There must have been over a hundred Germans on the nearer vessel, though the way they crowded into the bow permitted only a rough estimate. Nearer to their enemies, nearer to slaughter and gory .. . Many of the warriors wore scraps of armor, a breastplate or helmet or even, in one case, a pair of bronze greaves which must once have guarded the shins of some gladiator. The glittering metal gave more the impression of gaudy decoration than it did a fear of wounds, however. The Germans’ clothing was a similar melange. It ranged from skins worn flesh-side out, through the booty of civilization – tunics of linen and wool, and a flowing silk chlamys which must have draped a very wealthy lady indeed at formal gatherings – to more or less total nudity.

In a few cases, the nudity might have had a religious significance, but Perennius suspected that in general it was merely a response to the sun reflecting from the southern sea. Besides body armor, most of the Germans carried shields. These were either simple disks of wood or wicker, or heavier items captured from the imperial forces.

Axes, swords and daggers were common, but every man seemed to carry a spear in his right hand.
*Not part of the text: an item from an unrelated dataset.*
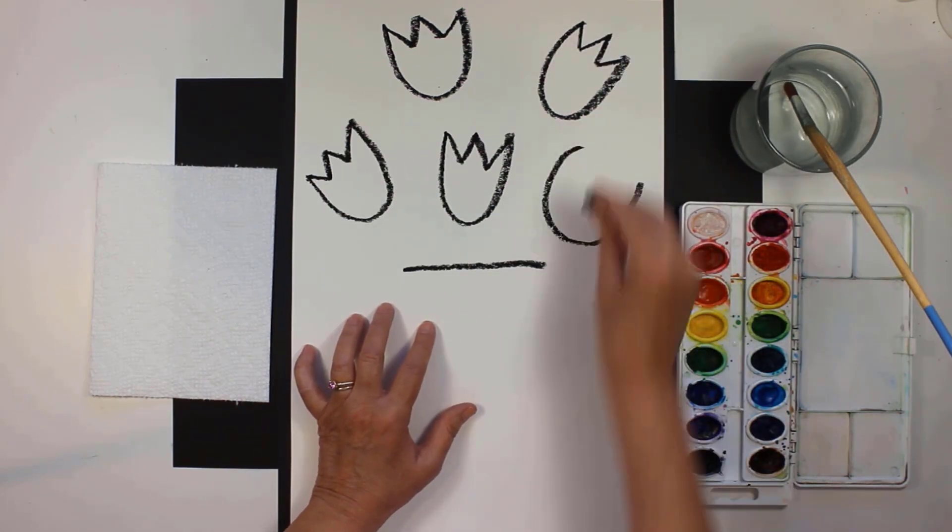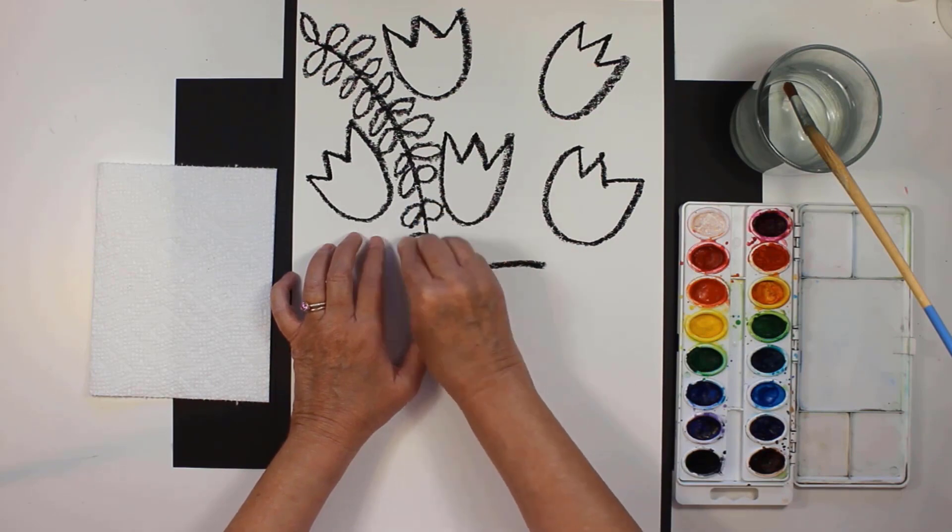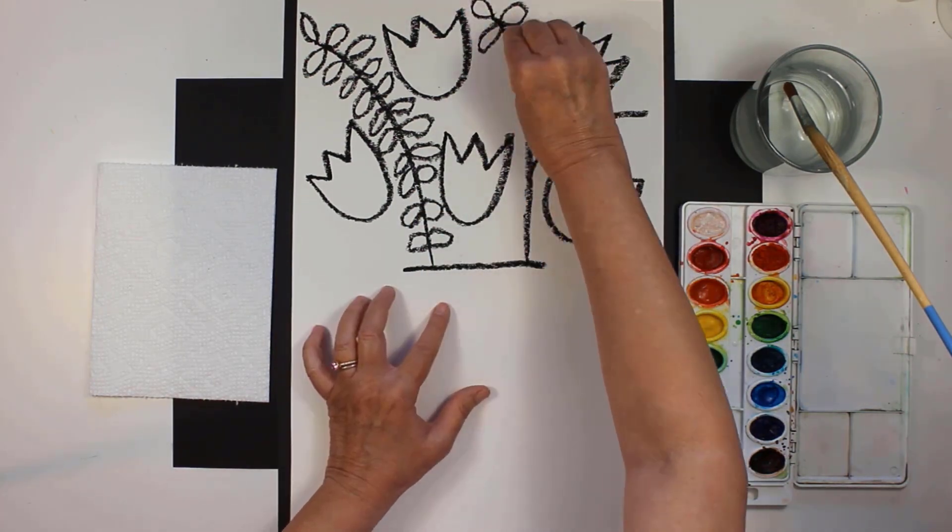Here are the final steps. The final step is to remove the air from the top. It is a nice way to put the air in the top.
As they neared their victim, the pirates began clashing the flats of their spear-blades against their shields while they howled. There was no attempt to shout in unison. The deliberate cacophony rasped over the waves. It had the nerve-wracking timbre of millstones grinding with no grain between to cushion their sound.

Gaius called from the fighting tower. Longidienus was trying to grab the agent’s arm. “No time!” Perennius shouted as he swept past. The forward hatch was closed. Perennius wrenched it up with a bang. The galley was the area forward of the rowing chamber where the bows narrowed. As the hatch lifted, the boom of the coxswain’s drum and the grunt of the oarsmen in unison hammered the agent’s ears. Six faces stared up in terror – the cook and his assistant, and four slaves, probably brought aboard. as officer’s servants despite Perennius’ orders to the contrary. Even in the present crisis, veins stood out in the agent’s neck at proof that his will had been flouted.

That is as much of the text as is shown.